-------- Extracted data --------
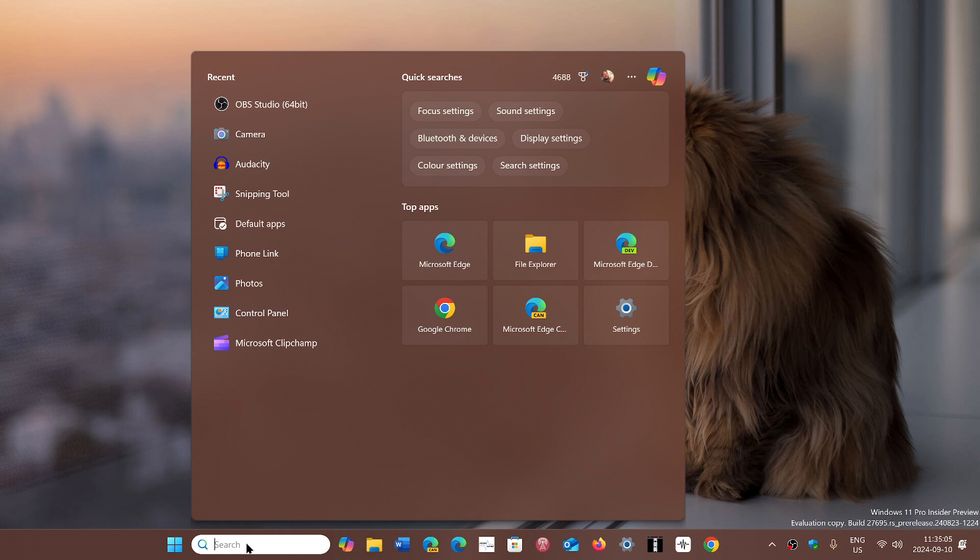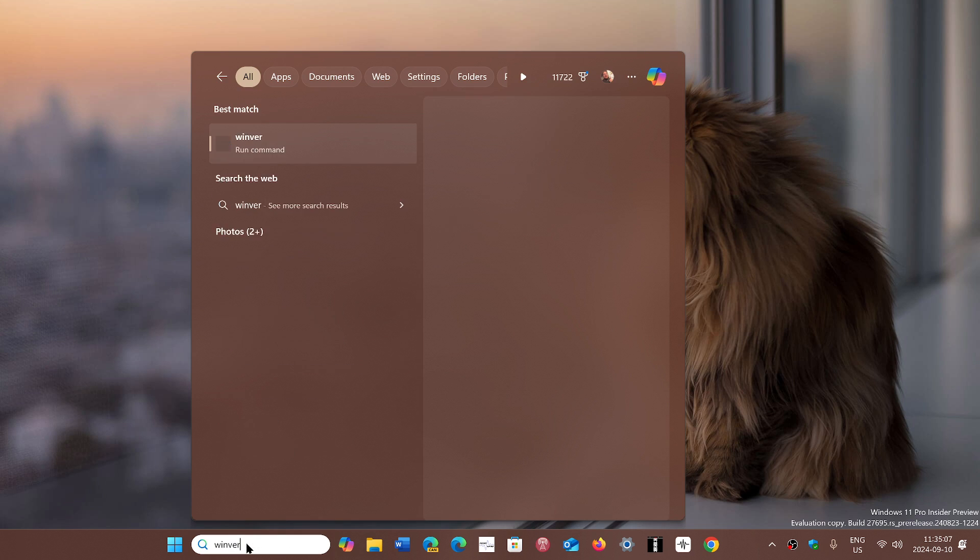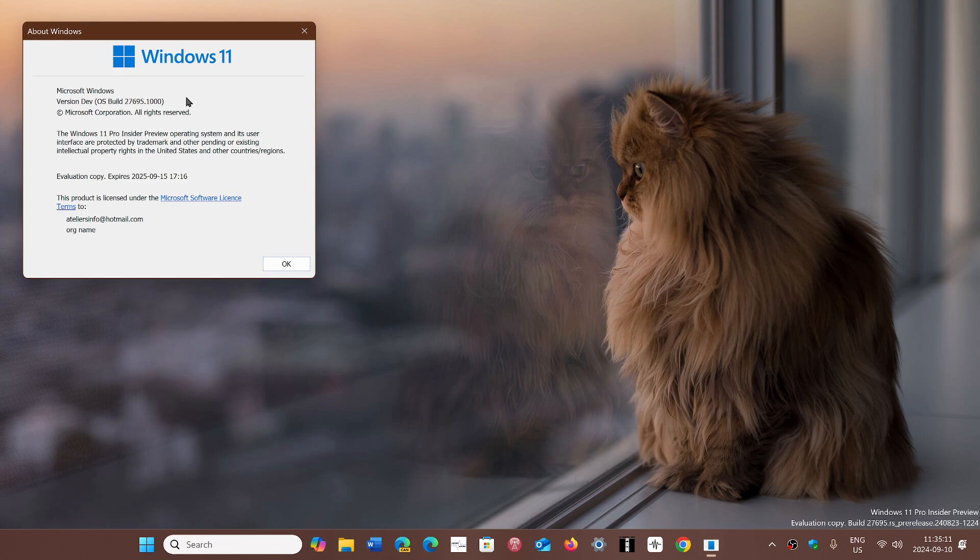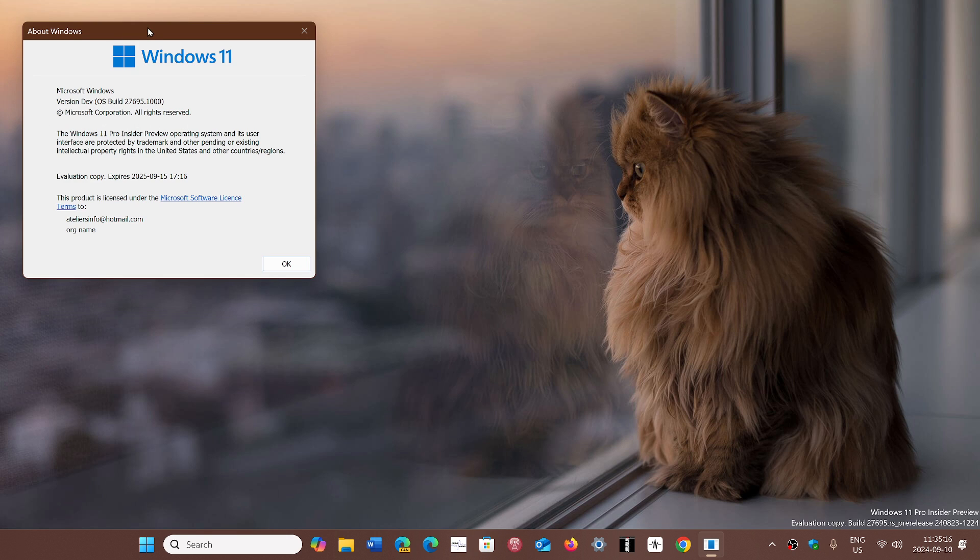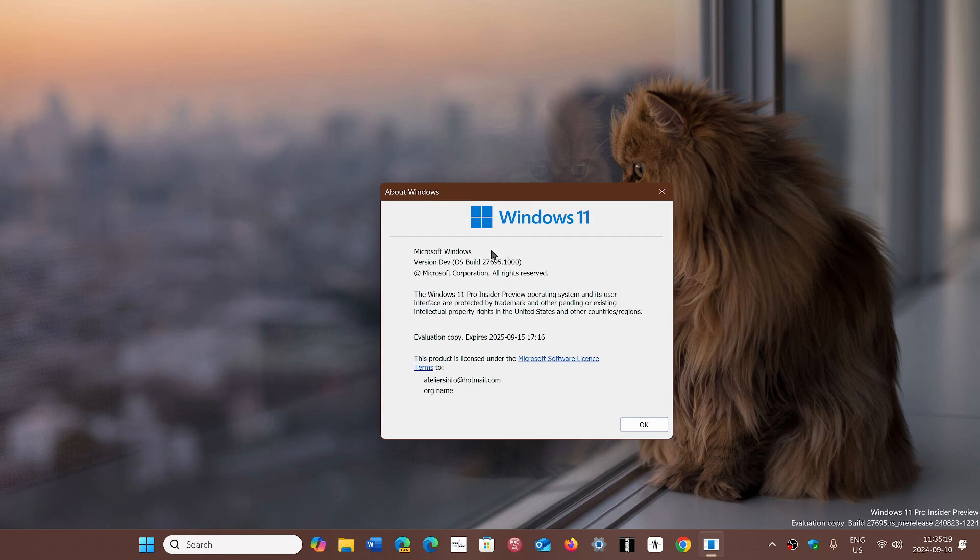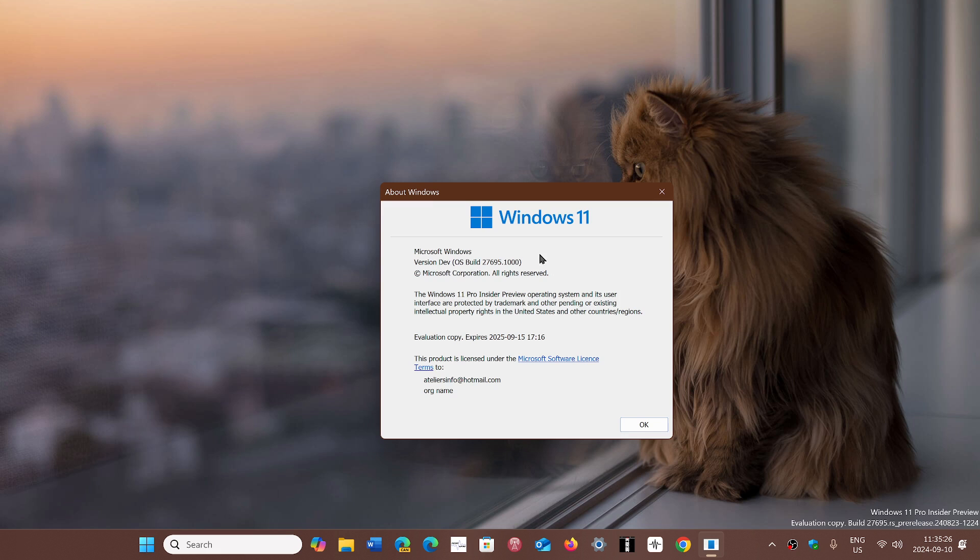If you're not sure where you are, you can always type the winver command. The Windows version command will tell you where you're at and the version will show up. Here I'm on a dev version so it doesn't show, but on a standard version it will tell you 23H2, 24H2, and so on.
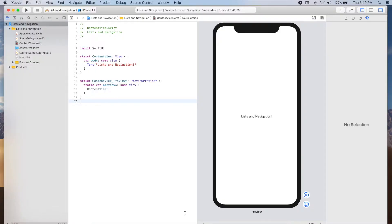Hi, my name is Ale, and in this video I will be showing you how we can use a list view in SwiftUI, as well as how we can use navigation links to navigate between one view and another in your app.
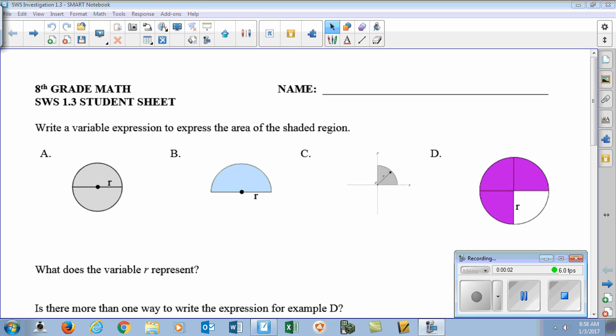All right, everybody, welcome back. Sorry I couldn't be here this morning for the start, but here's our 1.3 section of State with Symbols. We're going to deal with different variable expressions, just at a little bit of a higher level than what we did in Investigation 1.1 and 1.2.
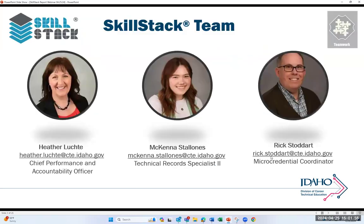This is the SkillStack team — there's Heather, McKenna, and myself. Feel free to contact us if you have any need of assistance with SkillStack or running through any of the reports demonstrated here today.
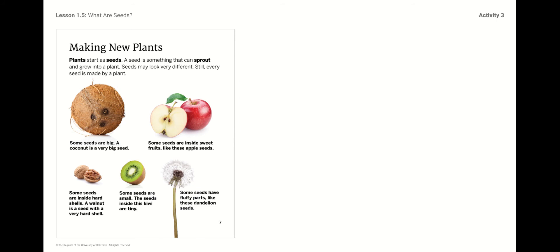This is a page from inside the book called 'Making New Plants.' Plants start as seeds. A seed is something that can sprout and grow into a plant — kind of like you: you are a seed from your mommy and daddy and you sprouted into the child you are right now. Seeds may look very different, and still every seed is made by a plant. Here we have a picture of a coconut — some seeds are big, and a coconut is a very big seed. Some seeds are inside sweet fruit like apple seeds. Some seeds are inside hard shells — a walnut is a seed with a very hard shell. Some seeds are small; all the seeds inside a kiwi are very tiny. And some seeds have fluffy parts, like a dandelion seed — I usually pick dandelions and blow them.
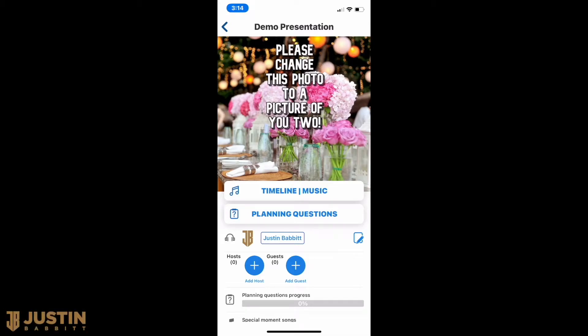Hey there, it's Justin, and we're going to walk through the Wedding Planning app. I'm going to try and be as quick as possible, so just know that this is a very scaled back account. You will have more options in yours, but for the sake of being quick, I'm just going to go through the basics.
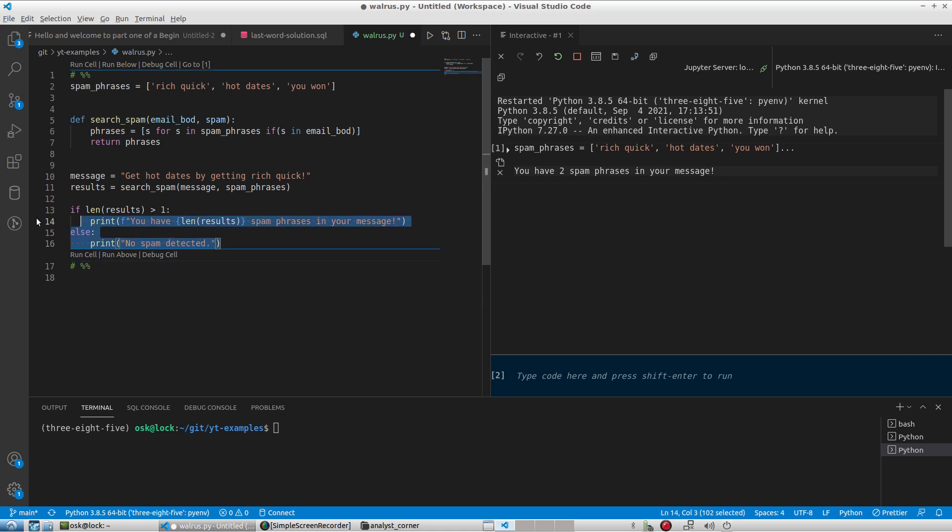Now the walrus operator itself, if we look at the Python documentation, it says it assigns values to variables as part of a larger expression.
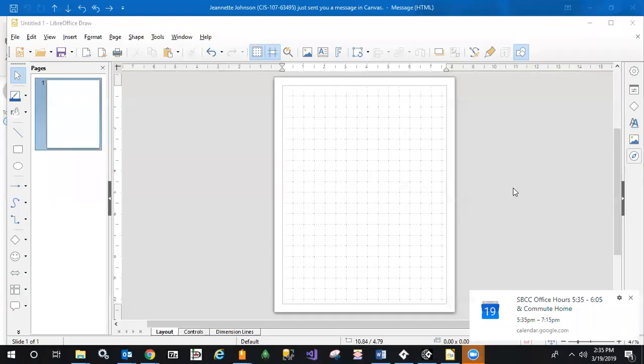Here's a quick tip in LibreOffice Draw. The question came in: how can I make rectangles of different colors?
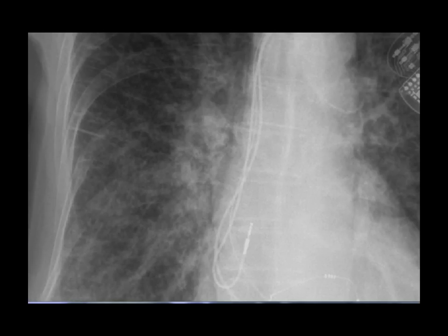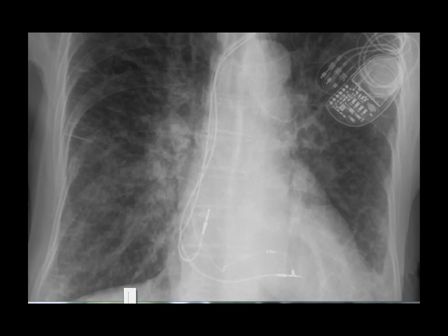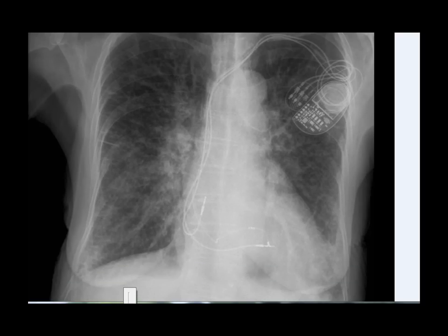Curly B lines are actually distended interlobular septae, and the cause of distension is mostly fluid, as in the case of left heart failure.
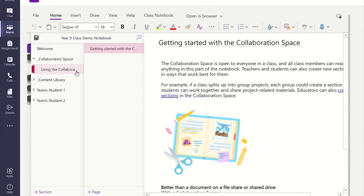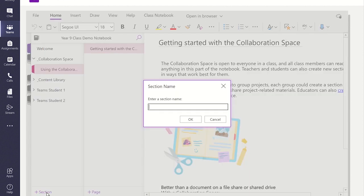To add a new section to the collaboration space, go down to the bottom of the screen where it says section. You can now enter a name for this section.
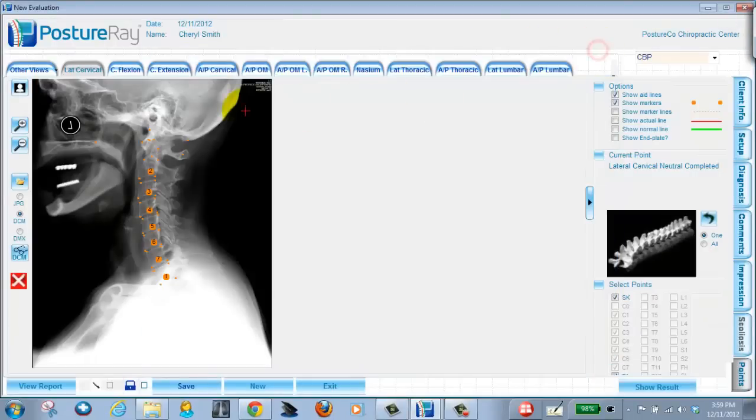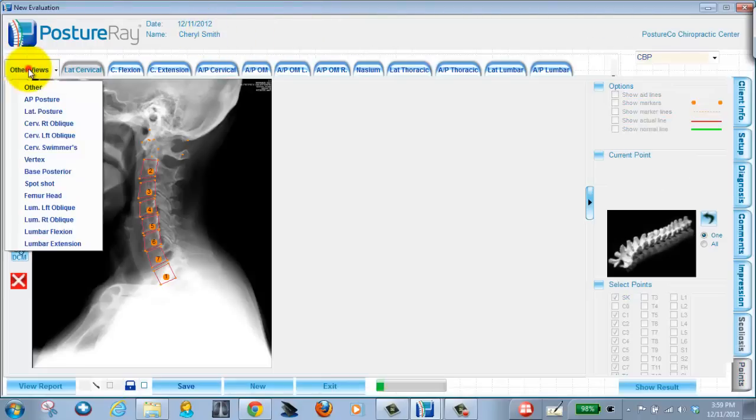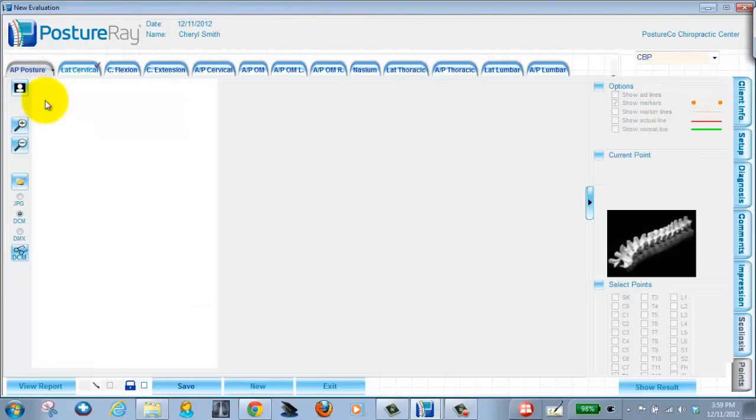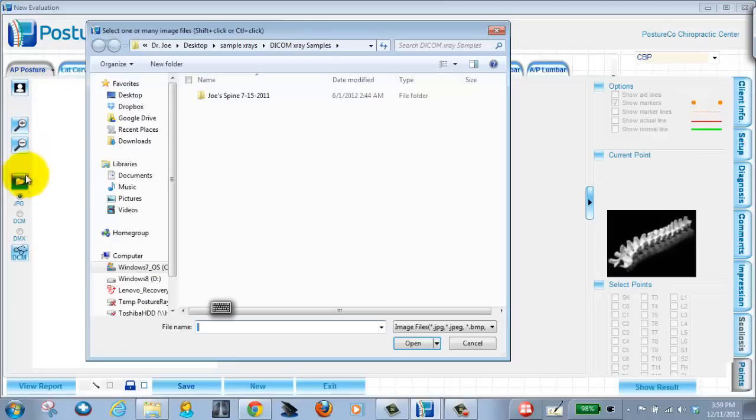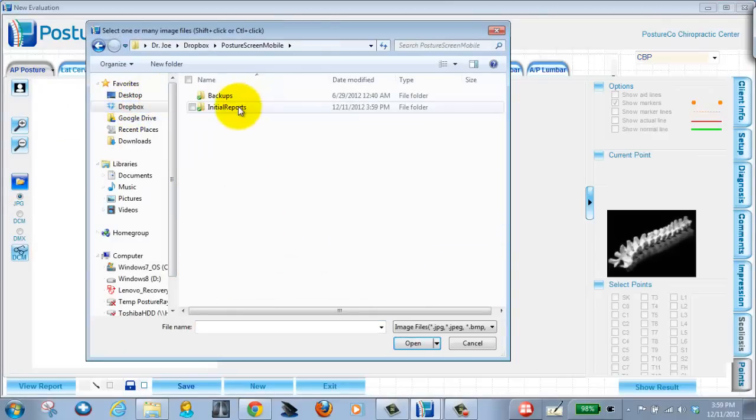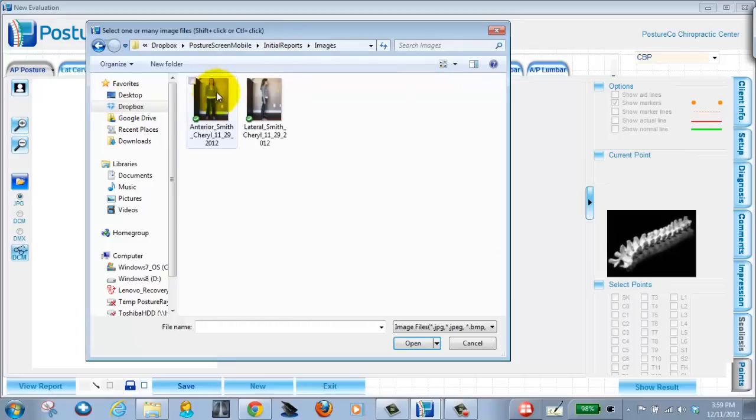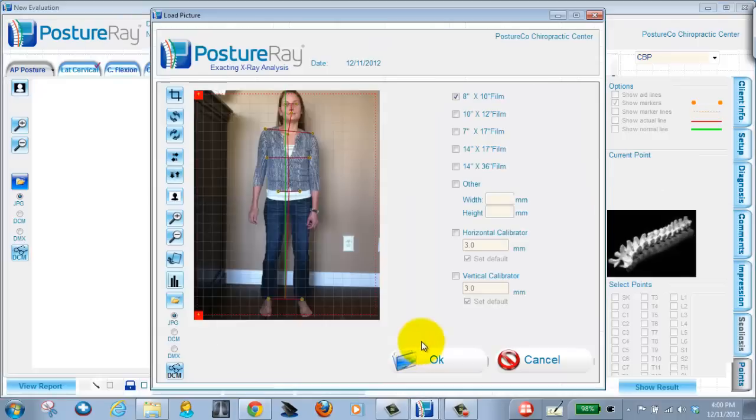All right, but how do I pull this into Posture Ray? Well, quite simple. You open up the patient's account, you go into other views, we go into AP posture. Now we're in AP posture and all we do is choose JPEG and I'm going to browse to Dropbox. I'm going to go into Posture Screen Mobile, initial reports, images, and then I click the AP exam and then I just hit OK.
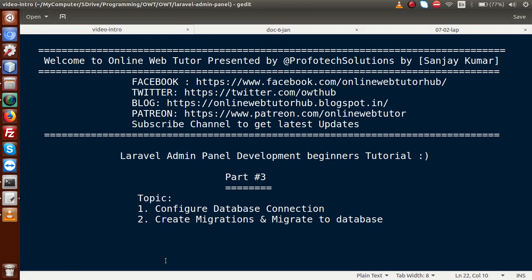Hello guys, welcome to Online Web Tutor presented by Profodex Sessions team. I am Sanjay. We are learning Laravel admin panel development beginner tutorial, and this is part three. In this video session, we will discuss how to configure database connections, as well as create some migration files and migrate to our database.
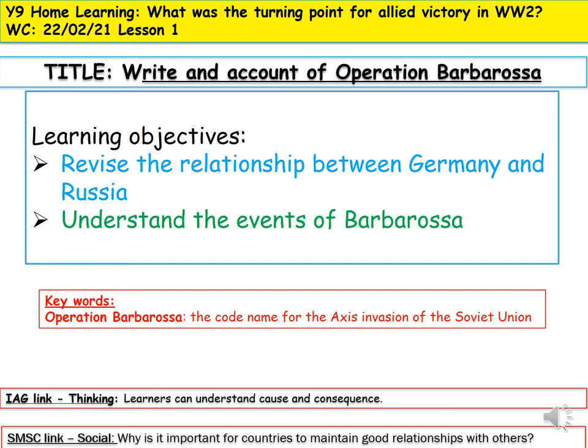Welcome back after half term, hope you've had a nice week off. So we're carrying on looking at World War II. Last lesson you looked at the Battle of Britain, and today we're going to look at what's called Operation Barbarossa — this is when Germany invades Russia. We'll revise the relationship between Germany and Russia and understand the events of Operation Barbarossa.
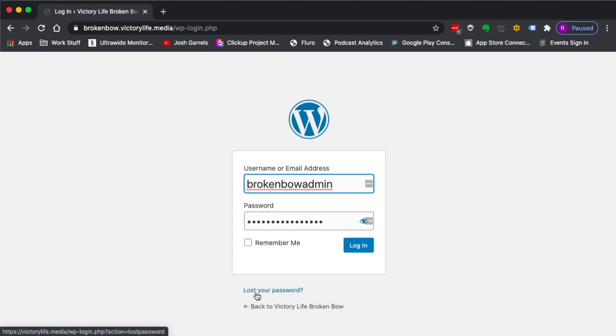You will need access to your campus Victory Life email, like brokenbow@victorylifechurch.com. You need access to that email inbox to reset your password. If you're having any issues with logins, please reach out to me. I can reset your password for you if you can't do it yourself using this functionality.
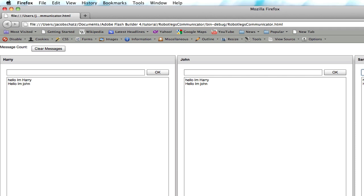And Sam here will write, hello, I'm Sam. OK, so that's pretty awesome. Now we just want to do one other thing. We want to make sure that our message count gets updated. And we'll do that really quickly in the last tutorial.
--------
__Task to complete__: The reply should consist only of the lines from the top of the material above through the line with "Hi, my name", printed exactly, pictures omitted.

__Exercise output__:
If you're not sure where you are, you can always type the winver command. The Windows version command will tell you where you're at and the version will show up. Here I'm on a dev version so it doesn't show, but on a standard version it will tell you 23H2, 24H2, and so on.
Hi, my name is Ale, and in this video I will be showing you how we can use a list view in SwiftUI, as well as how we can use navigation links to navigate between one view and another in your app.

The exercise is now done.